Berlin (dpa) - Trotz der bislang größten Militäroffensive in Nord- Afghanistan: Verteidigungsminister Franz Josef Jung will den Bundeswehr-Einsatz am Hindukusch weiter nicht als Krieg bezeichnen. Es sei ein Stabilisierungseinsatz, sagte Jung in Berlin. Er warnte davor, die Sprache der Taliban zu […] mehr

Kommentare

7k29329522. Juli 2009
Als was bezeichnet Jung die Bombardierungen der deutschen Städte 1944/45? "Platzschaffende Maßnahmen zu räumlichen Neuordnung"? Ob ER die Taliban als Krieger sieht, wird DENEN ziemlich Wurscht sein. Sie sind gut organisiert, sie sind gut bewaffnet, sie sind zum Töten entschlossen.
6tastenkoenig22. Juli 2009
Ich glaube gerne, dass man dort eigentlich nicht Krieg führen will, sondern Aufbauhilfe leisten möchte. Tatsache ist aber leider, die Taliban dort _führen_ einen Krieg, und wir sind beteiligt, egal wie man es nennt.
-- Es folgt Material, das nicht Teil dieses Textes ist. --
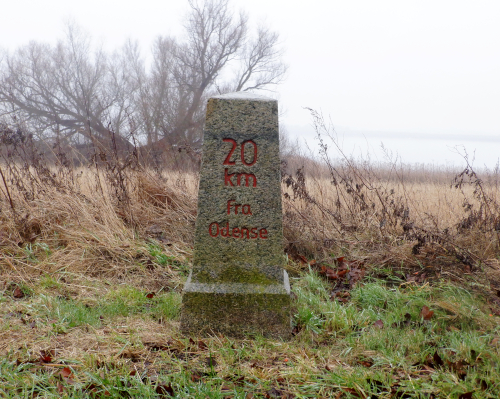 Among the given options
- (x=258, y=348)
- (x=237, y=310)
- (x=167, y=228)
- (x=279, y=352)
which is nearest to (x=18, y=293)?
(x=167, y=228)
5Schlickteufel22. Juli 2009
Also diese Arschlöcher werde ich nicht mehr Wählen!Erst schicken Sie uns schlecht Ausgerüstet dort hin und lassen uns ins offene Messer laufen und dann wird alles verharmlost dargestellt.
4celllpipe22. Juli 2009
Wer von "gefallenen Soldaten" spricht redet sehrwohl von einem Kriegseinsatz - basta, Herr Jung - wegtreten!
3k94422. Juli 2009
Tjoar, so kann man drum herum reden. Jung mag es nennen wie man will, es bleibt Krieg, die Regierung nennt es nur anders.
2k15324222. Juli 2009
Ja ne, ist klar, die Offensive dient dem Wiederaufbau des Landes. Ist doch klar wie Klossbrühe. Die Bundeswehr ist ausschliesslich zur humantitären Hilfe da, und weil sich die Taliban nicht helfen lassen wollen, werden sie eben dazu gezwungen.... Wie lange wollen die in Berlin ihren Verfassungsbruch eigentlich noch bestreiten und uns verarschen?
1k4978222. Juli 2009
Krieg ist es wohl erst wenn der Großteil der Deutschen wieder mit einer Waffe in der Hand parat stehen. Und ohne zu Denken dem großen "Westen" gegen die "minderwertige Bevölkerung" anderenorts vorgeht. Wehret den Anfängen.